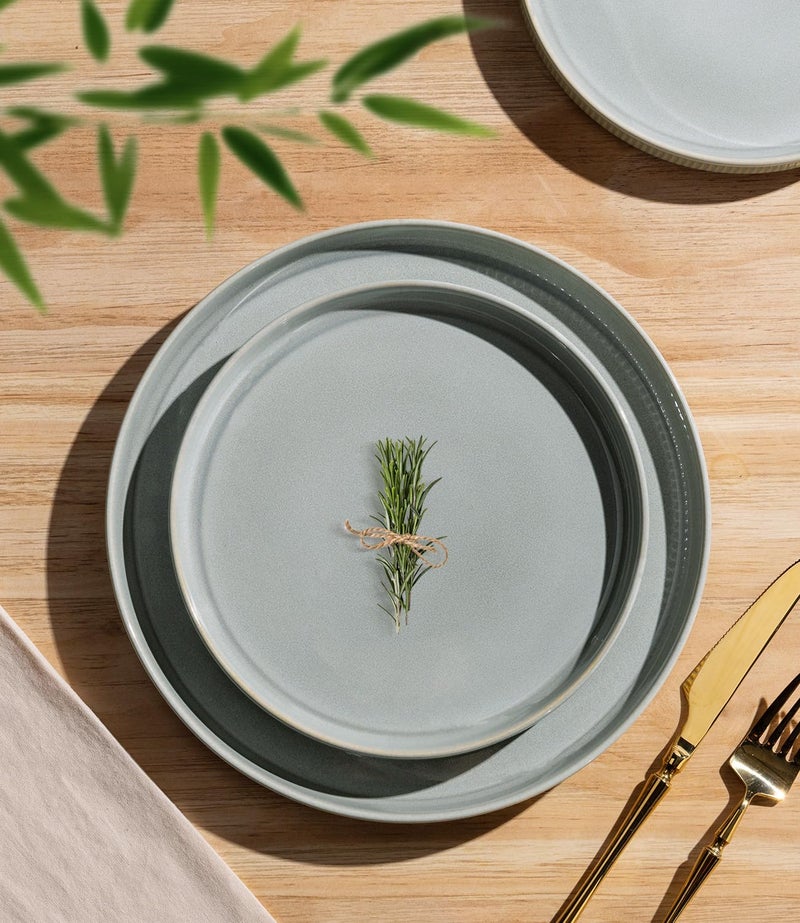 TheTerra Ceramic Dinnerware Sets for 4, 12 Pieces Porcelain Lightweight Plates and Bowls Sets, Scratch Resistant Dish Set, Oven & Microwave & Dishwasher Safe, Desert Sage - Image 2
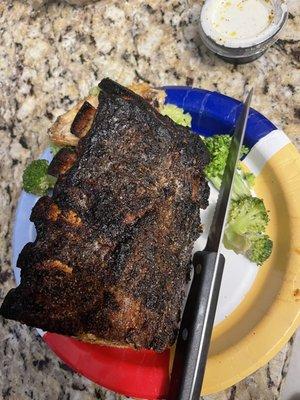 Burnt ribs.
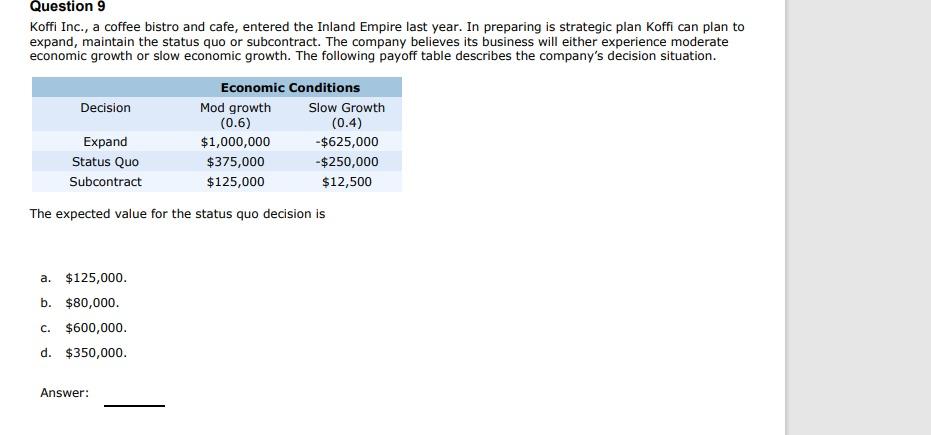 Question 9 Koffi Inc A Coffee Bistro And Cafe Entered The Inland Empire Last Year In Preparing Is Strategic Plan Kof 1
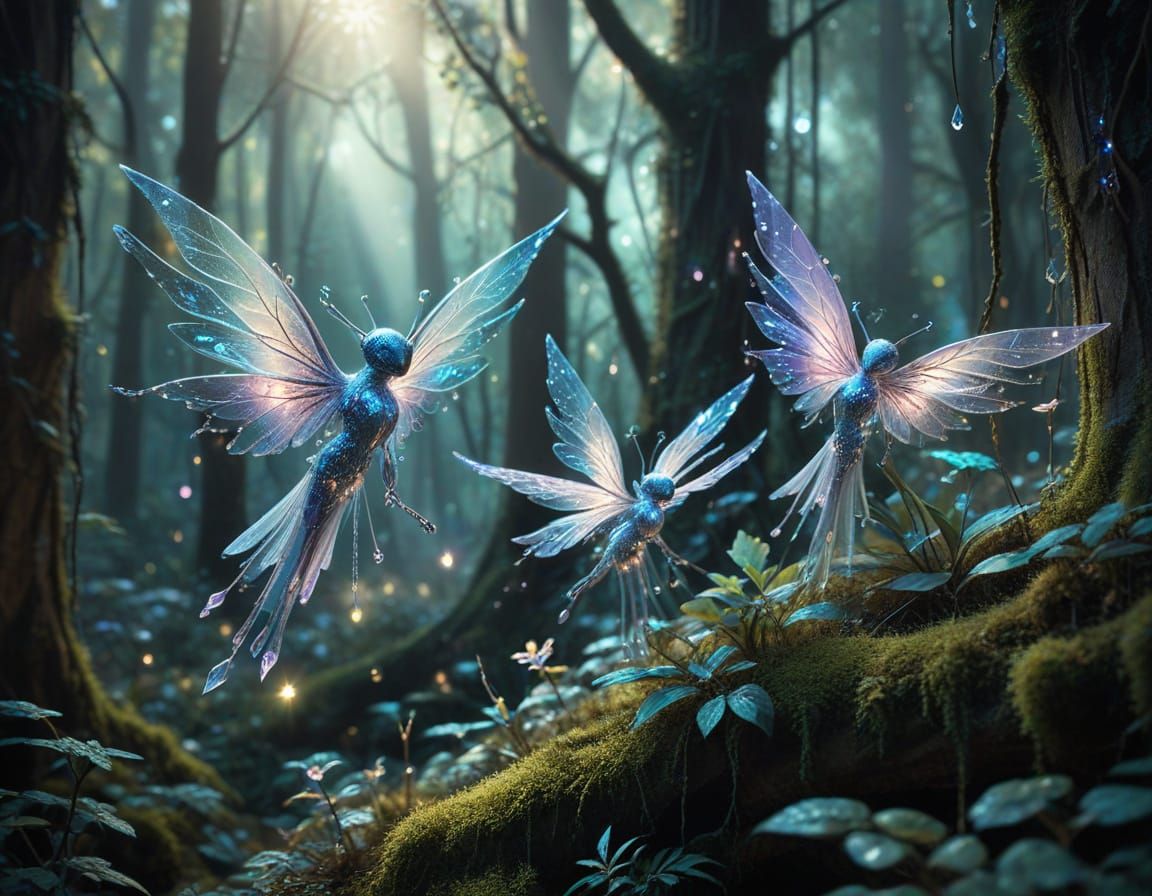 Enchanted Crystal Forest with Glowing Sprites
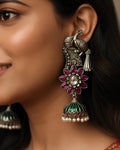 Oxidized Peacock & Magenta Floral Jhumka Earrings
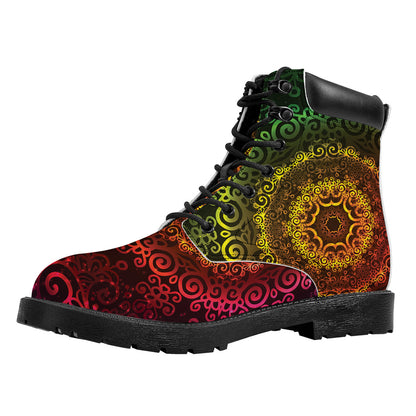 Colorful Gradient Mandala Print Work Boots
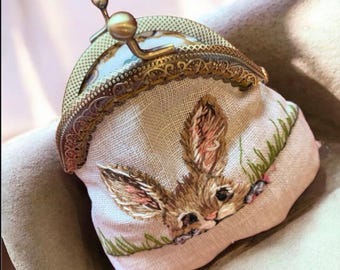 Hand embroidered bunny coin purse – linen kiss lock pouch, cute small gift for her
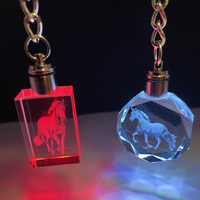 Porte-clés créatif classique en cristal LED en forme de cheval, style européen et américain, avec signes du zodiaque en verre laser 3D
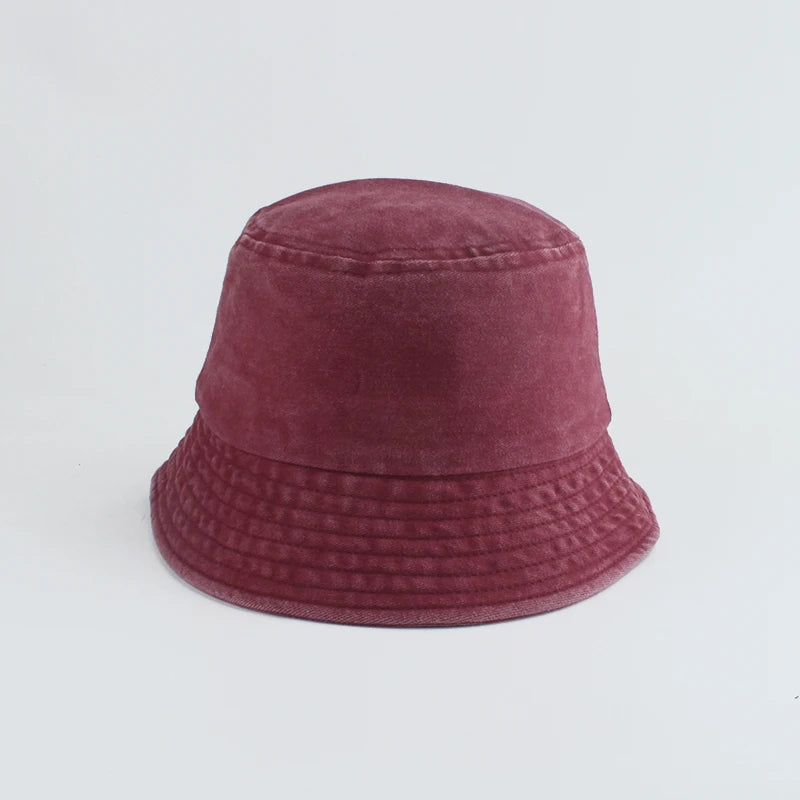 Washed Denim Bucket Hat Kids Wide Brim Cotton Fisherman Hat Girls Boys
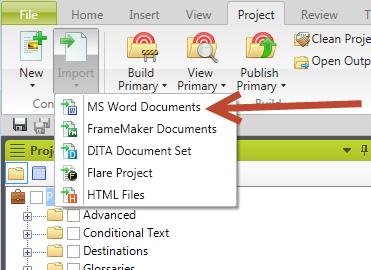 3 3Import the Word Document to the Flare Project To import the prepared MSWord document into the new Flare project: 1. Open the project file in Flare. 2.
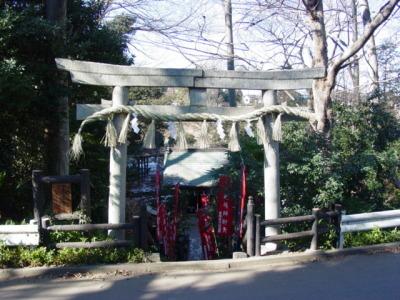 道沿いに鳥居があり階段を下りていくと奥に厳島神社がある写真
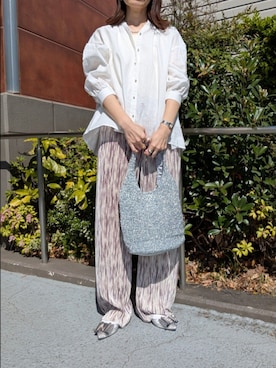 「MICO COULIER（ミコクリエ）のアイテム（パンツ）」を使った、ayumiさん（レディース・158cm）の春コーディネート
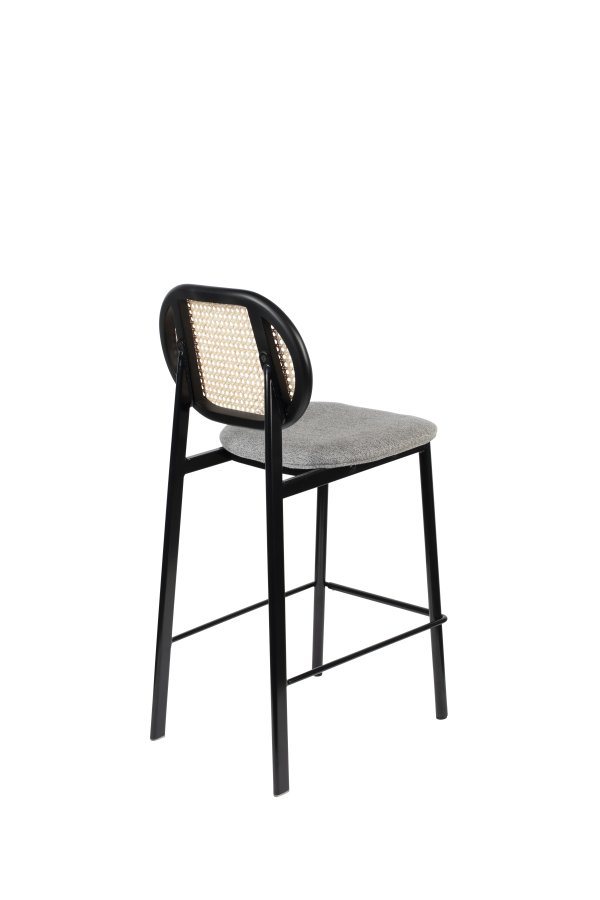 ZUIVER Spike barkrakk, med ryggsttte og fotsttte - naturlig rotting, gr polyester og svart stl (64,5 cm)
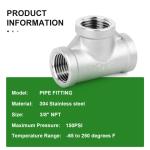 TAISHER 2PCS Stainless Steel Tee Pipe Fittings, 3/8" x 3/8" x 3/8" NPT Female Pipe Fittings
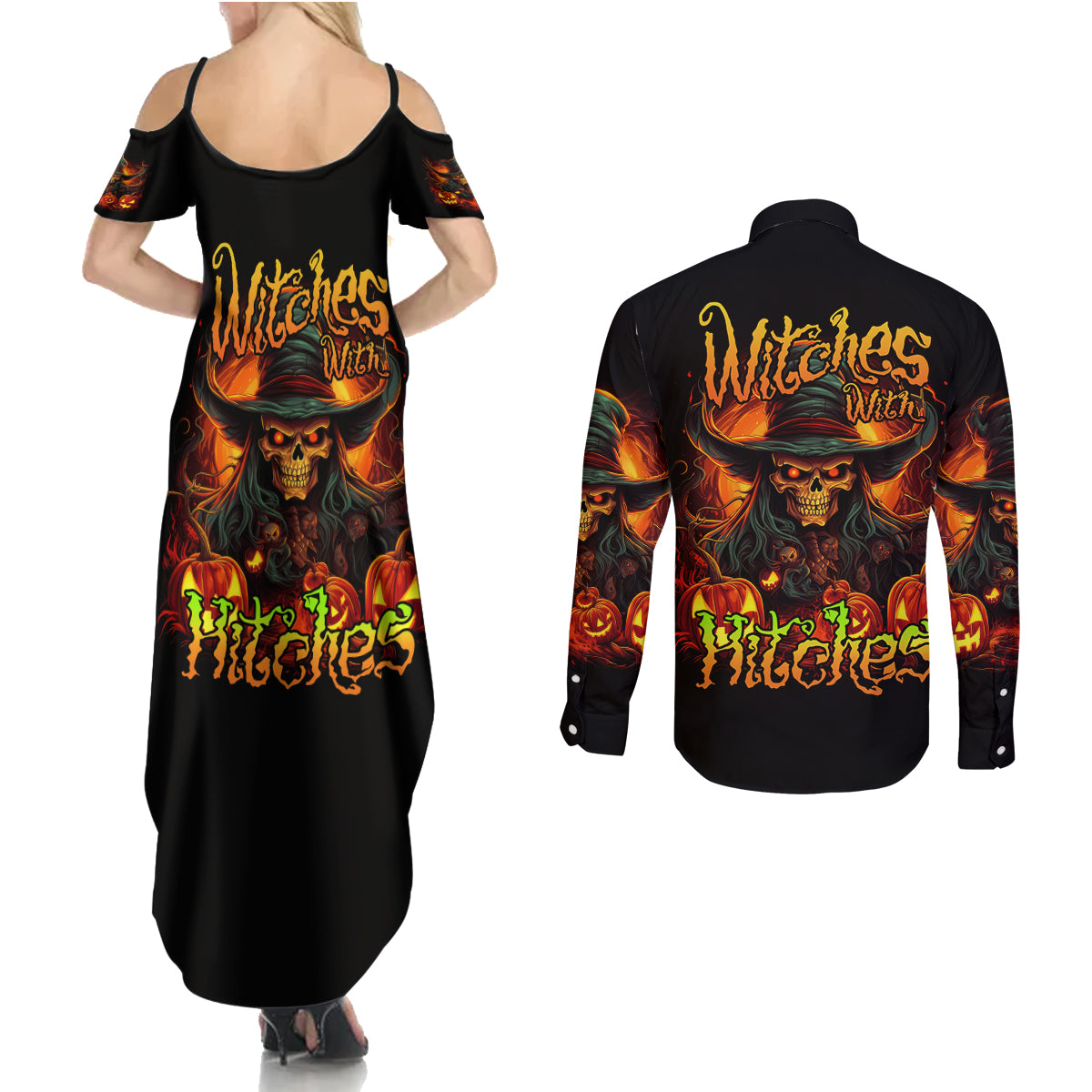 Witch Skull Couples Matching Summer Maxi Dress and Long Sleeve Button Shirt Witches With Hitches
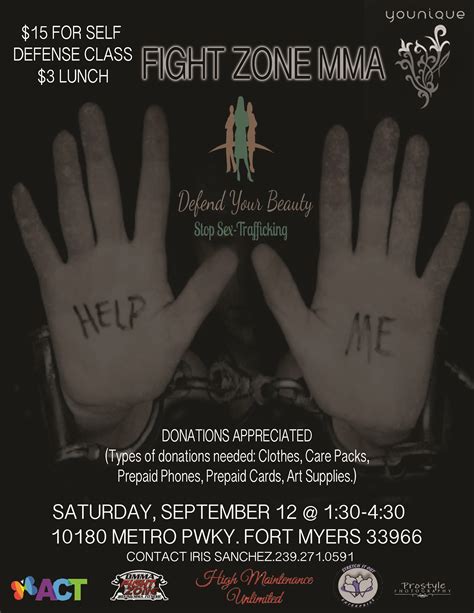 Self Defense Fight Zone Fundraiser Sat Sept Th Flyer Act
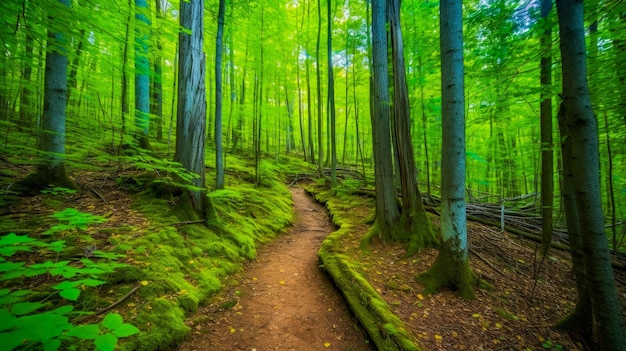 Een pad door een bos met groene bomen en een groene achtergrond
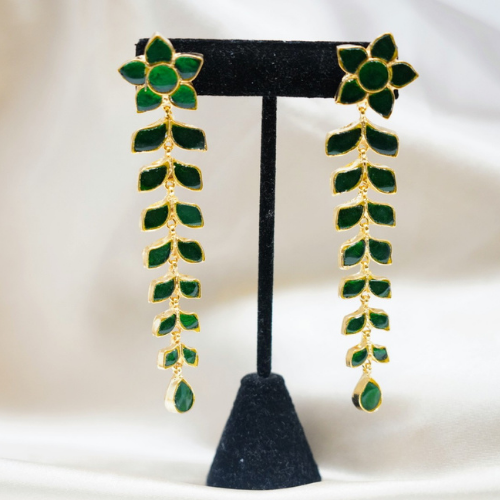 Green Long Leaf Crystal Earrings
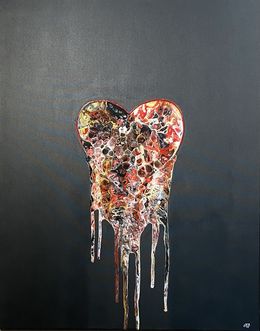 Gemälde, Red heart, Otto R
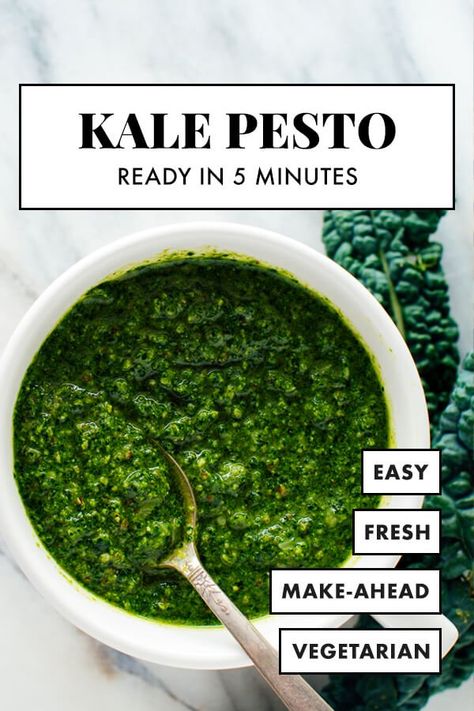 Extra kale? Make this EASY kale pesto recipe! Ready in about 5 minutes, this kale pecan pesto is a delicious way to eat your greens. Use it like regular basil pesto—it's great on pasta, pizza, grilled cheese sandwiches and more! #kalepesto #pestorecipe #kalerecipe #eatyourgreens #cookieandkate Pecan Pesto, Kale Pesto Recipe, Cookie And Kate, Kale Pesto, Pasta Pizza, Kale Recipes, Vegan Parmesan, Vegetarian Recipe, Pesto Recipe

----------------

> Task item:
Would you please repeat only the lines above, beginning at the one that has "Oxidized Peacock &" and stopping after the one that has "Hand embroidered bunny", exactly and with no pictures?

> Answer to this exercise:
 Oxidized Peacock & Magenta Floral Jhumka Earrings
 Colorful Gradient Mandala Print Work Boots
 Hand embroidered bunny coin purse – linen kiss lock pouch, cute small gift for her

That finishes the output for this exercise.